For the second straight year, the talk at the TOUR Championship is more about who's not at East Lake than the 27 guys who decided to show up for free money and a BMW courtesy car. The field is the smallest in the 20-year history of the season-ending event.
Most noticeable is the absence of Tiger Woods.
Citing fatigue after an emotionally taxing year in which his father died and he won just about every week he played, Woods skipped the TOUR Championship for the first time.
The timing could not have been worse for the tour brass.
It has been touting its new FedExCup competition that starts in 2007 and will culminate with three big tournaments leading to the TOUR Championship, where the winner of the points race earns $10 million. The idea is to get most -- if not all -- of the big stars competing every week at the end of the year.
Some will jump to the conclusion that this is a bad sign for the future of the FedExCup. After all, how can the tour expect to get the stars to come out every week at the end of next season when Woods and Phil Mickelson won't even show up for the TOUR Championship?
There is cause for alarm, but not for that reason.
Woods said on his Web site he was 'extremely excited' about the FedExCup, and for the most part, the feeling is universal among his peers. Golf had been getting stale, and commissioner Tim Finchem did the right thing in searching for a solution.
The FedExCup will only help golf, although it's debatable how much.
The only drawback is the seven tournaments in the fall after the FedExCup, but let's face it -- those events were bordering on insignificant already. They didn't get any top players, the galleries were sparse and the ratings were abysmal. At least now those tournaments have a purpose for those trying to get their cards, get into the Masters or start their year at Kapalua.
The question is how long before the FedExCup generates as much excitement as this year's TOUR Championship.
Finchem said he was looking for a finish line in golf with the FedExCup. Football has the Super Bowl, baseball has the World Series and golf ... well, golf never has had a season that is easy to define.
It starts with the Mercedes-Benz Championship in January, but some believe it really doesn't start until the first major is played at the Masters. It ends with the TOUR Championship, but some might argue -- Mickelson comes to mind -- that it really ends at the PGA Championship when the majors are over.
Remember, the tour has been down this road before.
This is the 20-year anniversary of the Vantage Championship, which was created to add some pop to the end of the season. The $1 million purse was enormous in 1986. There was a $500,000 bonus to the winner of a season-long points competition, along with a $25,000 bonus to the player who led each of the nine statistical categories.

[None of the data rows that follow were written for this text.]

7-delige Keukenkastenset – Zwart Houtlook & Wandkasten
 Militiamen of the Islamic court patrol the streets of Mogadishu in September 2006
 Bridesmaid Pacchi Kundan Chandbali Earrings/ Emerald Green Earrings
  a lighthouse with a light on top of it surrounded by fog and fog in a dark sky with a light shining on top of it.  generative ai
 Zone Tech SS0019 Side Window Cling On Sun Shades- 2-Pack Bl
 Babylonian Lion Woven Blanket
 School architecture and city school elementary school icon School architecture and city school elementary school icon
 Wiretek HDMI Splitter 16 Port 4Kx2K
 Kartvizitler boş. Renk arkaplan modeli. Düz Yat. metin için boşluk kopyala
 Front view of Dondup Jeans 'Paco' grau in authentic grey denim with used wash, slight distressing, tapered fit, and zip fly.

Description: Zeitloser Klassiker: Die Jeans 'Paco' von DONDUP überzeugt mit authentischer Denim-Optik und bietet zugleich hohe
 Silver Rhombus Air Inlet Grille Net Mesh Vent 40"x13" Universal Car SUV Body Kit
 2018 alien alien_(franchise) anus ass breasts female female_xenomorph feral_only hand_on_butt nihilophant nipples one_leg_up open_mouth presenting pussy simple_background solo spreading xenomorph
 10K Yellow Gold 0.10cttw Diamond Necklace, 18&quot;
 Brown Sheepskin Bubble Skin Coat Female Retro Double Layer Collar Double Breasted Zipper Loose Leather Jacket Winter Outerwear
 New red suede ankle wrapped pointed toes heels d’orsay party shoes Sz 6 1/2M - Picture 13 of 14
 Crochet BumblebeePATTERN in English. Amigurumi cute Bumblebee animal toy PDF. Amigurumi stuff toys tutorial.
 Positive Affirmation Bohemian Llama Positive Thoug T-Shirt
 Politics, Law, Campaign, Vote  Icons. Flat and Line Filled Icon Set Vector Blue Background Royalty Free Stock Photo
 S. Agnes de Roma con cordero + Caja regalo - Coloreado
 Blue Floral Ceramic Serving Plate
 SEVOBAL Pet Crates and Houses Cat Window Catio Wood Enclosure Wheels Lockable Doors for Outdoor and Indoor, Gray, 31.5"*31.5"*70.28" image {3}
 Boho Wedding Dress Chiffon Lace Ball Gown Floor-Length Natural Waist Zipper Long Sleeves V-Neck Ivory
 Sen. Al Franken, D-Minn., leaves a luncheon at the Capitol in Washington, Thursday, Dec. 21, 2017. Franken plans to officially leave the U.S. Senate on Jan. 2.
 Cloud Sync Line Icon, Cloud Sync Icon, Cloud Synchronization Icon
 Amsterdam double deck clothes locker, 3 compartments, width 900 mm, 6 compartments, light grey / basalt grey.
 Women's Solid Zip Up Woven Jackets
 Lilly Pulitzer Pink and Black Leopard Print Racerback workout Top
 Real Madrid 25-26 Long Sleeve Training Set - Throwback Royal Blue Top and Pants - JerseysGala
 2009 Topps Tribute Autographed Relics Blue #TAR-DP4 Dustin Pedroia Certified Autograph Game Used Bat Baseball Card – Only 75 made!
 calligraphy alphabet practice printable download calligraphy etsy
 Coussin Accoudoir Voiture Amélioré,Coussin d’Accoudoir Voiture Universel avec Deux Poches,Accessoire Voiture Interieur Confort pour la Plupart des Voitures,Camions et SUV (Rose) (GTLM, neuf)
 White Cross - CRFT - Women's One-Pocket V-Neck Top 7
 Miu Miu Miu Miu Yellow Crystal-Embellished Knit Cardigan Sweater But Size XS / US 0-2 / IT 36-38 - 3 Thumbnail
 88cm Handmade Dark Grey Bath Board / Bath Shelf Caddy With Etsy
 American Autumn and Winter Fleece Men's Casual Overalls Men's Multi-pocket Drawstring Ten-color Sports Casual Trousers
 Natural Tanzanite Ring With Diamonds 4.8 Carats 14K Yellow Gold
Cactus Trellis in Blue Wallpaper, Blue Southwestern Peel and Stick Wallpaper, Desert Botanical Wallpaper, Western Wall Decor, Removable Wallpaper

That was the precursor to the TOUR Championship.
'It was done to help the fields at the end of the year,' Curtis Strange once said. 'The top players didn't play any more than they would have, but guys from (Nos.) 25 to 50 did everything in their power to get into it.'
The success of the FedExCup depends on how it is received not next year, but the following years when the novelty wears off. Does it go the route of the TOUR Championship and take on an air of insignificance? Does it reach a point where $10 million is chump change?
No matter how the tour promotes the FedExCup, greatness in golf is defined four weeks out of the year. And those four weeks are in April, June, July and August, not the tail end of the season with a $10 million prize that likely will be deferred.
'It's not just about the majors now,' Stewart Cink tried to explain on Tuesday. 'We're talking about the whole season, where you're trying to beat your peers. To me, that means a lot.'
So, Stewart, would you rather win a major or the FedExCup?
'I probably would rather win a major,' he said, 'because I've never won one yet.'
Don't read anything more into Woods missing the TOUR Championship. It has been an extraordinary year of highs and lows, and he indicated to a couple of players at the American Express Championship that he was done for the year. If not for previously signed contracts in Asia, he probably would not have played again until his Target World Challenge.
Expect to see Woods nearly every week during the FedExCup 'playoffs' next year. For one thing, he owes it to the tour as much as he barked about the need for a shorter season that ends in late September. He likely will skip a few tournaments he normally plays the first half of the year to get ready for a big finish.
And even if misses one of the 'playoff' events, will that mean the FedExCup is a flop?
Those tournaments will still get enough top players to have accomplished its mission of trying to keep golf compelling after the majors.